From the time that war casualties began to come in, and when the approaching end of the war was becoming a matter of comparative certainty, and since the Armistice and the consequent demobilization of the soldiers, the Government has not been remiss in giving its most careful attention, with all the sympathy and ability it pos sessed, to the question of the re-establishment of our men who have returned from overseas, caring for their dependents and those of the men who unfortunately never returned. Whether its conclusions have always been wise or not, it has had perforce to. come to conclusions, and to the best of its ability it has put into operation certain forms of relief, of readjustment, and of reconstitution. This policy the Government purposes to continue. Parliament has taken the matter up and by an influential and non-partisan committee it has made investigations into the pension system and various other forms of relief and help, and the benefit of the conclusions arrived at after much care and very thorough consideration has been at the disposal of the Government. This method of pursuing the question has not been abandoned. We have already appointed a pensions committee this year, composed mostly of the members of the former committee with some additional members, and to them has been assigned the duty of considering again the methods which have been so far adopted, and of 70
making a full investigation into the whole matter of the relief and re-establishment of our soldiers along these lines, with a view to ascertaining what amendments, if any, are necessary, what are the difficulties that are encountered, and how those difficulties may be as far as possible overcome. That duty is laid upon the committee for the present session of Parliament.

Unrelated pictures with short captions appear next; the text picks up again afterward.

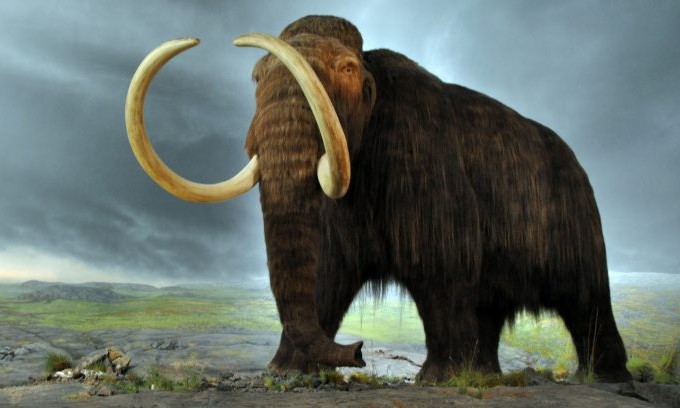 North America's largest mammals were a casualty of climate change
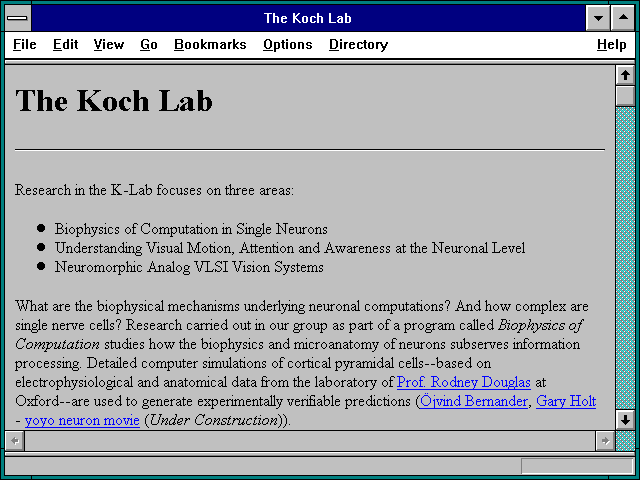 Screenshot of The Koch Lab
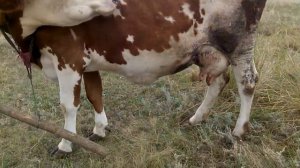 ИЗДЕВАТЕЛЬСТВО НАД КОРОВОЙ! КАК КОРОВУ ПРИУЧИТЬ ХОДИТЬ В СТАДО ЕСЛИ ОНА ТАМ НЕ БЫЛА!!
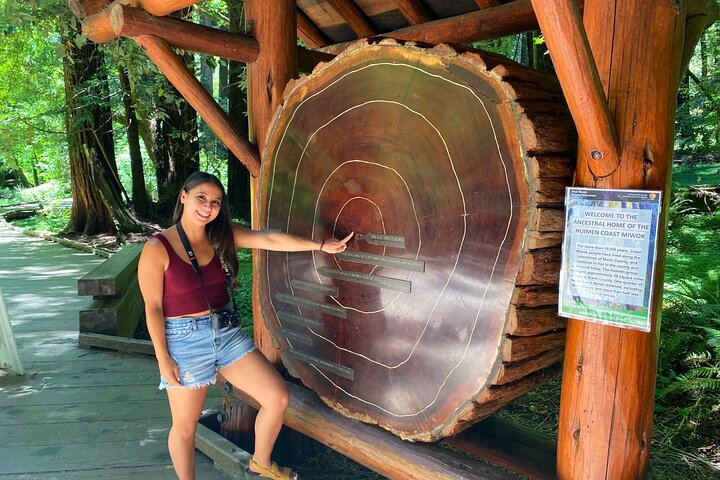 Muir Woods and Golden Gate Bridge 3-hour Private Group Tour 3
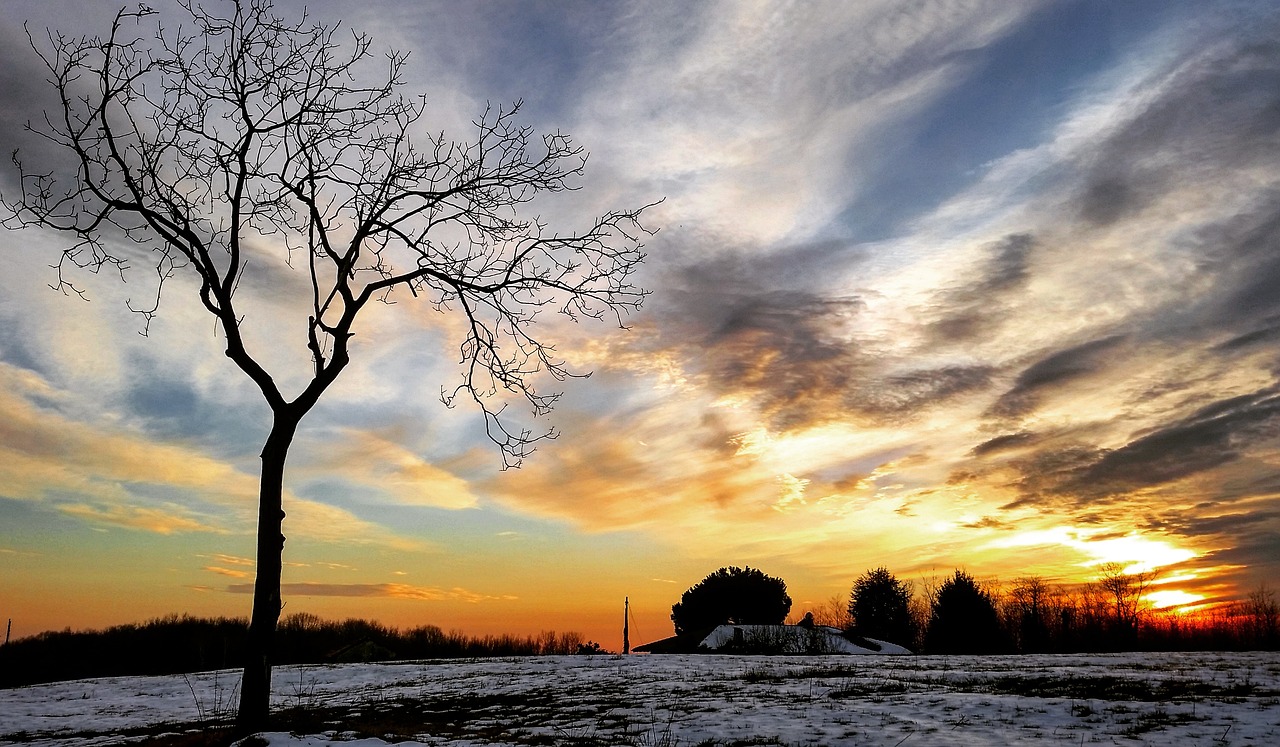 sunset nature tree free photo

In so far as respects the provision of pensions and allowances and the re-establishment of the disabled returned soldier, and the relief which is necessary and which has been and will be cheerfully given to the dependents of both those who have fallen and those who have returned; in respect also to systems of relief provided for under the Land Settlement Act, and the work that is carried on by the Soldiers' Civil Reestablishment Department which is presided over by my colleague, 'Sir James Lougheed; all these forms of relief and of reconstitution including vocational training and encouragement to those who have been interrupted in the pursuit of their . profession and in their training, having as its object as far as possible to fit these men for the work which they will undertake, and the competition which they will encounter in life, and to compensate them as far as possible for the disadvantages which they have suffered-all these various questions will have the sympathy, the cooperation and the support of the Government.

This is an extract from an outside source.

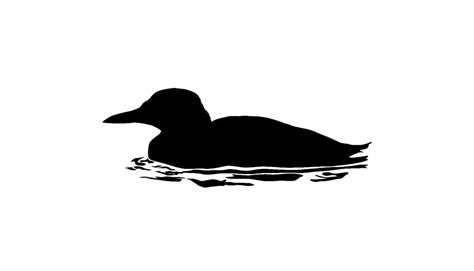 Duck Swimming Art Png Clip Art Pngimagespics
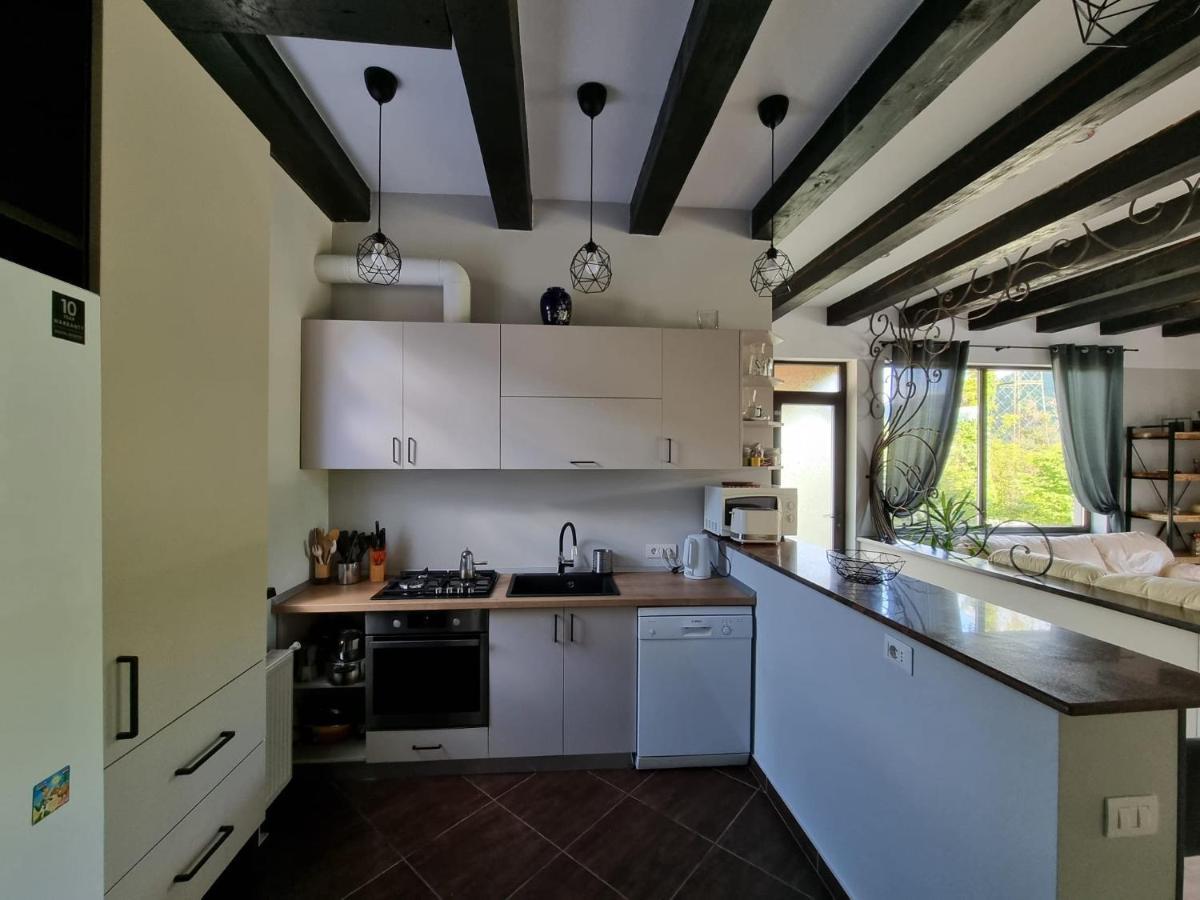 Casa Yla Villa Piatra Neamt Bagian luar foto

I do not know that I need make any further extended remarks in respect to this matter. It is impossible to dispose of such an important and complicated question at one session, or at two sessions or at many sessions. The returned soldier and his problems are with us, and it remains for the Government, with the co-operation of the business men of the country, and particularly of Parliament as
representing the people at large, to
pursue what are deemed the sanest and best methods to the extent that this country can provide the funds and appliances that are necessary for the proper re-establishment of the soldiers. It is the duty as well as the privilege of the country to recognize the services of those who at great sacrifice have fought our fight and have borne the brunt of the great effort, the men for whom we should always cherish the most sympathetic and helpful disposition of mind.